Content Team8 minute read17 Sep 2021

Incorporating-Panama-corporation-a-Why-and-How-Guide.

A Panama corporation is an ideal vehicle for those who wish to conduct business in a jurisdiction that has a favorable tax environment and emphasizes corporate privacy in its legislative system.

Setting up one is relatively painless as the country has made sure to make way with excessive formalities in favor of a straightforward registration procedure. It begins its legal existence when two subscribers, regardless of nationality, file and submit an Articles of Association to the Public Registry.

However, further utilization of the entity for commercial and industrial purposes needs to be sanctioned by the corresponding relevant authorities. The following guide seeks to provide you with an all-inclusive perspective on not just the legal aspects leading to incorporation, but also the many ways in which it can be leveraged and considerations post-registration.

1. Panama Corporation and Its Main Uses

A corporation is, among others, a type of business entity that can be registered with the Public Registry in Panama after completion of a series of legal formalities pursuant to Law 32 of 1927. Although the official designation of this entity type is locally called “Sociedad Anonima ” (Anonymous Society), it is sometimes referred to as an International Business Company (IBC).

It is considered as a standard entity type in Panama and eligible for both local and international use, i.e, offshore incorporation doesn’t have a separate entity variant.
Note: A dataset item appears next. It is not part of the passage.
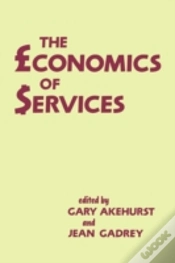 Capa do artigo The Economics Of Services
This is a relatively unique trait that not many other offshore jurisdictions have.

It’s mostly used for business activities such as commercial trading, estate holdings, strategic tax planning on offshore repatriations, and separating shareholders’ personal liability from high-risk business transactions.

The reason for its flexible nature as a corporate vehicle is from the interplay between its extensive corporate privacy legislation and banking secrecy laws. Exemplified by the strict regulations applied to the documentation and disclosure of information relating to corporations, trust and foundations, violation of which will be met with civil and criminal penalties.

On top of this is the network of tax treaties it has with other flourishing economies such as Japan, Belgium, the UK, Canada, etc. Which enables the citizens of those jurisdictions to receive enhanced privacy protection upon forming a corporation in Panama.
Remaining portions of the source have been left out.